Jordan–Bareiss Algorithm is an algorithm that find determinant of $n \times n$ square matrix $M$. Its algorithm is given below:
- Initialize the sign $s := 1$ and set $c := m^{(-1)}_{00} = 1;$
- loop over rows $M_k$ of $M$ for $k ∈ \{1, \dots , n\}$:
a) find the pivot $m_{ik} \neq 0$ with $i ≥ k$;
b) if no such $m_{ik}$ exists, then return $0$ and quit;
c) if $i \neq k$, then swap the rows $M_k$ and $M_i$ and update the sign, setting $s := −s$.

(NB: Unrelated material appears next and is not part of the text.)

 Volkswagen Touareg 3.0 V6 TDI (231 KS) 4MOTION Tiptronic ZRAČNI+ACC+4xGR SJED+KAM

d) replace every row $M_i$ with $i ∈ \{k + 1, \dots , n\}$ by an expression
$\hspace{2.4cm}$ $\frac{(m_{kk}·M_i − m_{ik}·M_k)}{c}$
e) update the divisor $c$ setting $c:= m_{kk}$; - return $\det M = s·m_{nn} $.
Here is my trial using SageMath but its giving wrong answer.
def JordanBarreiss(M):
assert M.is_square(), "It must be a square matrix"
n=M.dimensions()[0]
s=1
c=1
for i in [1,..,n-1]:
for k in [1,..,n-1]:
if M[i,k] == 0 and i < k:
return 0
if i != k:
M.swap_rows(i,k)
s=-s
for j in [k+1,..,n-1]:
M[j] = (M[k,k]*M[j] - M[j,k]*M[k])/c
c = M[k,k]
return M[n-1,n-1]
A = matrix(QQ, [[5,1,-9,0],[-1,3,-1,1],[8,-2,1,-3],[2,2,1,2]]);
JordanBarreiss(A);
out[110] 0
The expected output M = 5 1 -9 0
0 16 -16 5
0 0 196 -30
0 0 0 475
where M[n-1,n-1] = 475 (det(M))
Please, it will be highly appreciated if anyone could help to fix this error, Python is also allowed. thanks.
Now I get it, thanks all